§ **Your instructions**
Reproduce the listing exactly, with no pictures in your copy.

§ **Source data**

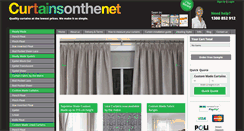 Desktop Screenshot of curtainsonthenet.com.au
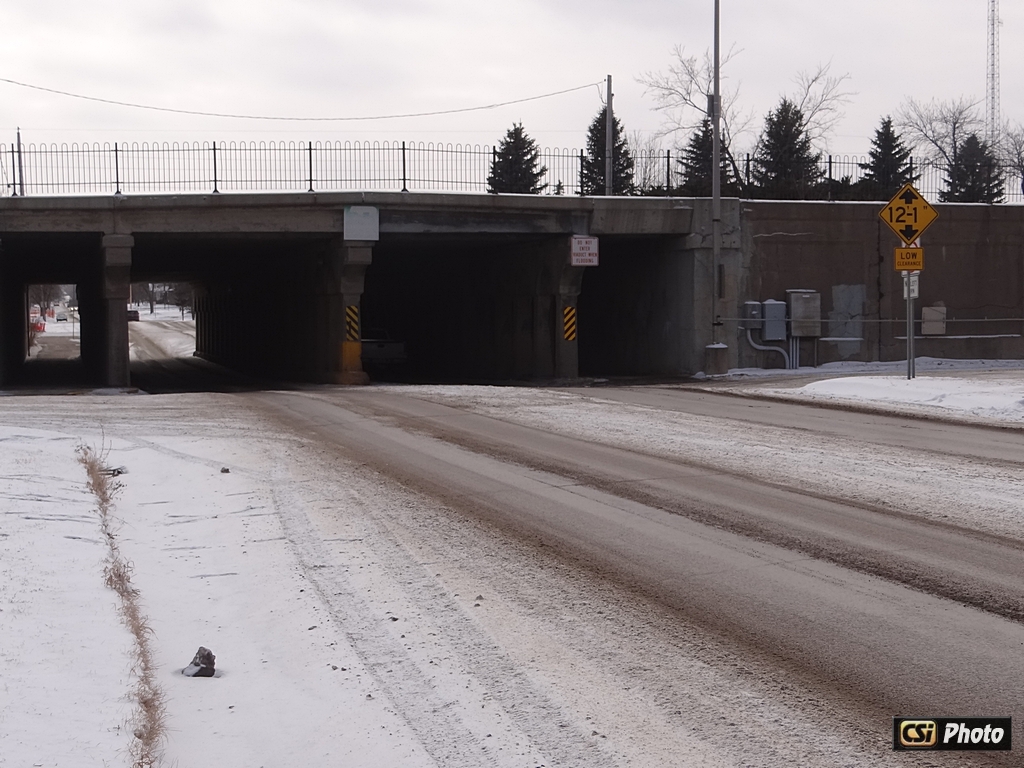Tall truck - Low Clearance Viaduct - Friday the 13th ... csi photo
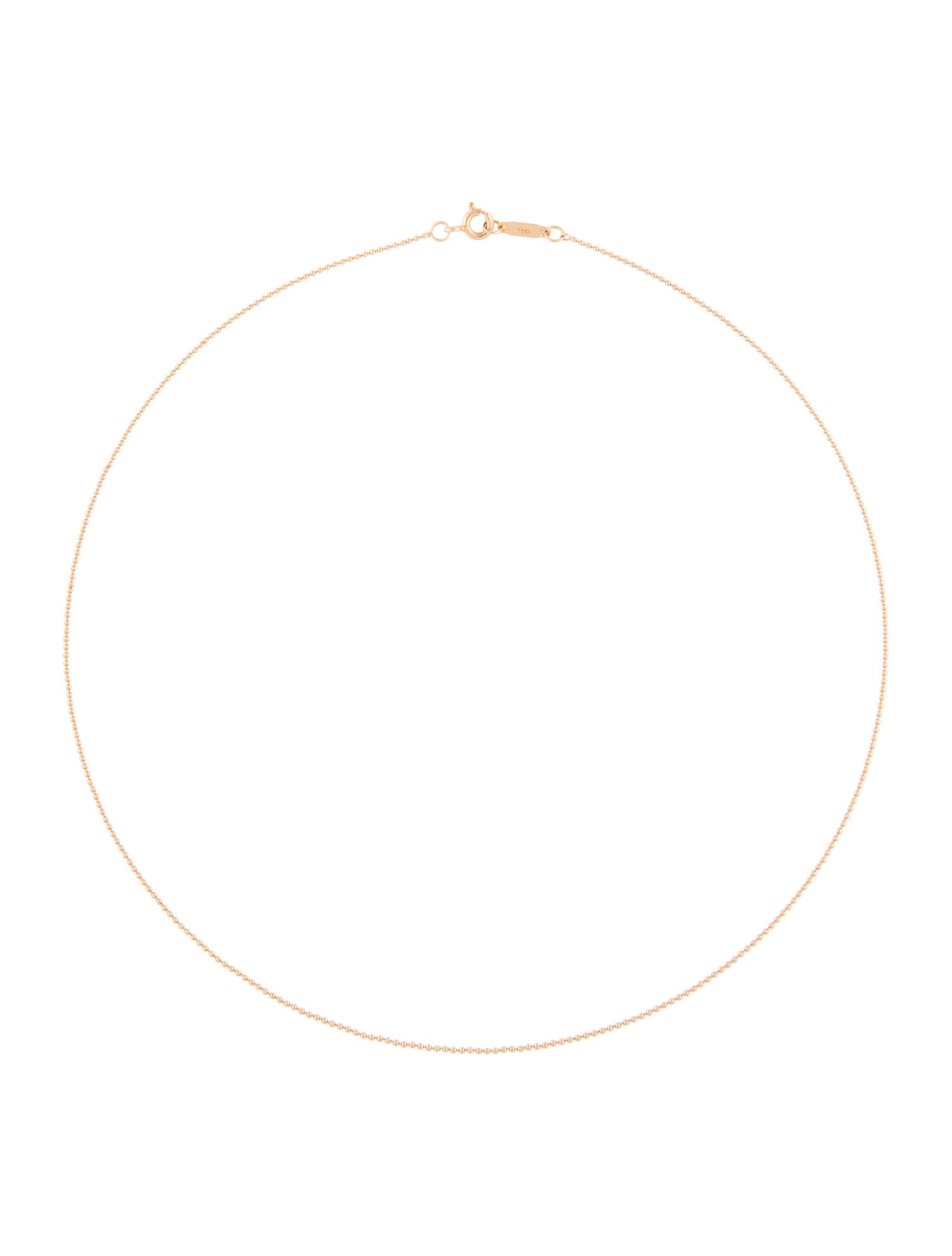 Tiffany & Co. 18K Beaded Chain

§ **Your response**
 Desktop Screenshot of curtainsonthenet.com.au
Tall truck - Low Clearance Viaduct - Friday the 13th ... csi photo
 Tiffany & Co. 18K Beaded Chain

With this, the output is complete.